Among his friends and business associates, says Bill Rawson, Chairman of the Rawson Property Group, there are several who have invested in residential properties overseas in the last year or two - especially in Europe and the UK.
There is, says Rawson, a certain logic in this as many European homes are still at low price levels (for example: Spain’s house prices are down by 24.3%, since the fourth quarter of 2007).
“Any home purchase in the southern half of Europe is likely to represent good value at the moment,” said Rawson.
Nevertheless, he says, such purchases, will, he believes, be financially unsatisfactory because European growth prospects in the foreseeable future are dismal.
“Such homes can, of course, provide good holiday accommodation and, in the event of the rand destabilizing, could gain significant value. However, what they really represent is a bolt hole and they provide another choice to the owners - should the SA economy go bottoms up. From a financial point of view they are very definitely a long term prospect.”
Rawson drew attention to the “Home Truths” article, published in the 12th of January 2013 issue of “The Economist”, which, he said, shows that South African home prices, in 2012, performed significantly better than those of 85% of the world’s developed countries.
“South African homes increased in value by 5% year-on-year in 2012. Only Hong Kong (with a 21.8% growth rate) and Austria (with 10.1% growth) performed better. Nine of the 18 countries listed in the survey saw their homes lose further value in 2012, the worst being: Spain with a 9,3% drop, the Netherlands with 6,8%, Ireland with 5,7% and Italy with 4%.
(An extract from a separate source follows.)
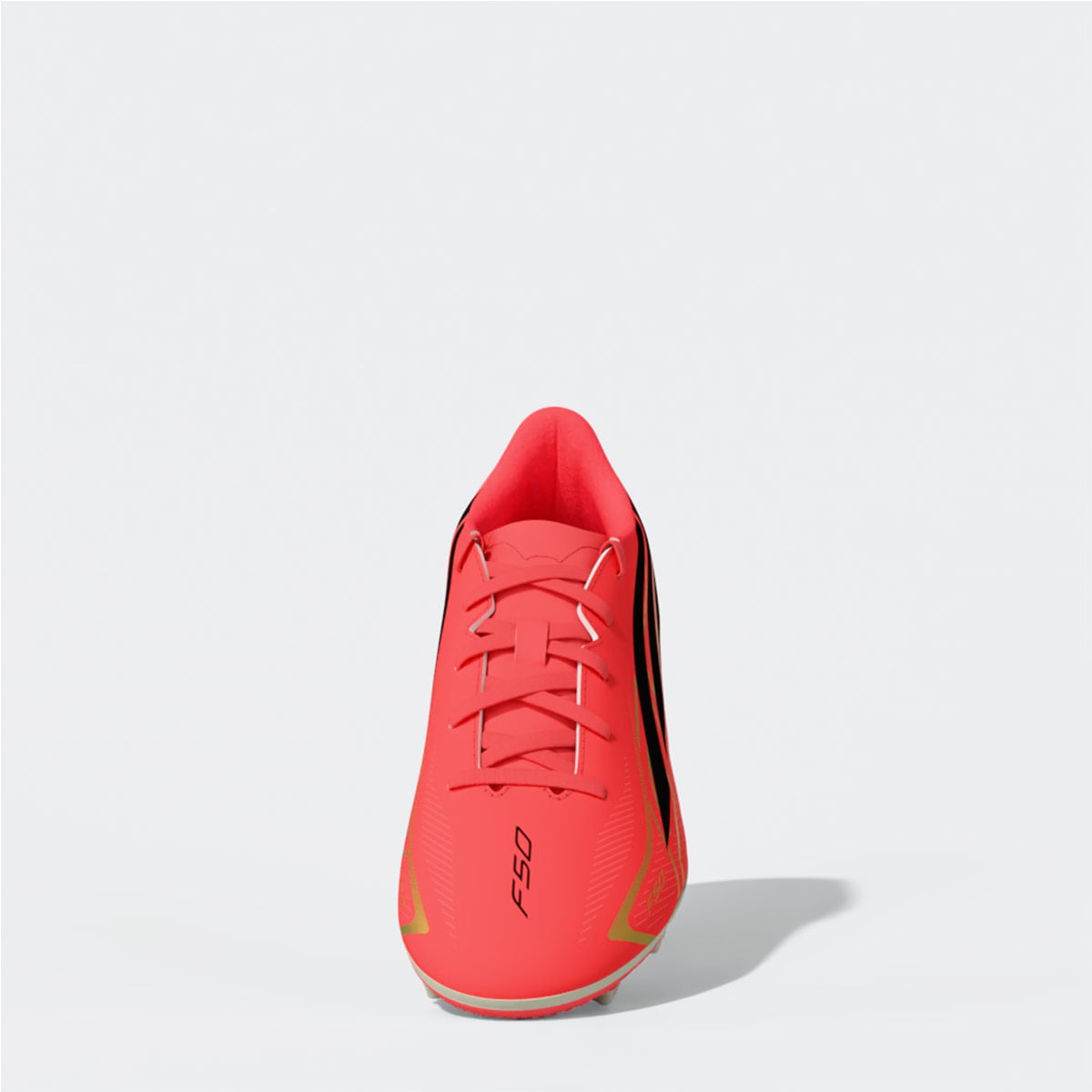 ZAPATILLAS NIÑO ADIDAS FÚTBOL ROSADO F50 HYPERFAST CLUB - 3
Less encouraging news for the SA residential investor, said Rawson, is that since the first quarter of 2007, again according to “The Economist”, home prices have risen by only 12, 2%.
“Here again, however, we look fairly stable in comparison with such front runners in housing as the USA (whose homes, although now at last appreciating in value, have devalued by 20,5% since the first quarter of 2007) and Japan (whose homes have lost 14,2% since late 2007).
John Loos, FNB’s property economist, has predicted a slower 2,5% South African home growth rate for 2013. This would mean that in real terms, South African homes will lose value in the coming year.
Rawson, however, says that although this may be true of the market as a whole, it hides the fact that in the lower priced brackets, particularly those priced below R1 million, increases of up to 10% are still being seen annually.
“I am closely in touch with many reputable estate agents,” said Rawson, “and the general consensus among the vast majority is that the market is now on a recovery path and that Loos’ forecasts could prove overly pessimistic.”
Particularly significant in “The Economist’s” survey is the fact that South African residential property is still undervalued by 5% on the price to rent ratio index. This means that SA property investors can look forward to further significant rental growth as well as steady capital growth, says Rawson.
“The fact that South African rentals are well above average, in relation to the global figures, suggests that capital values must continue to rise.”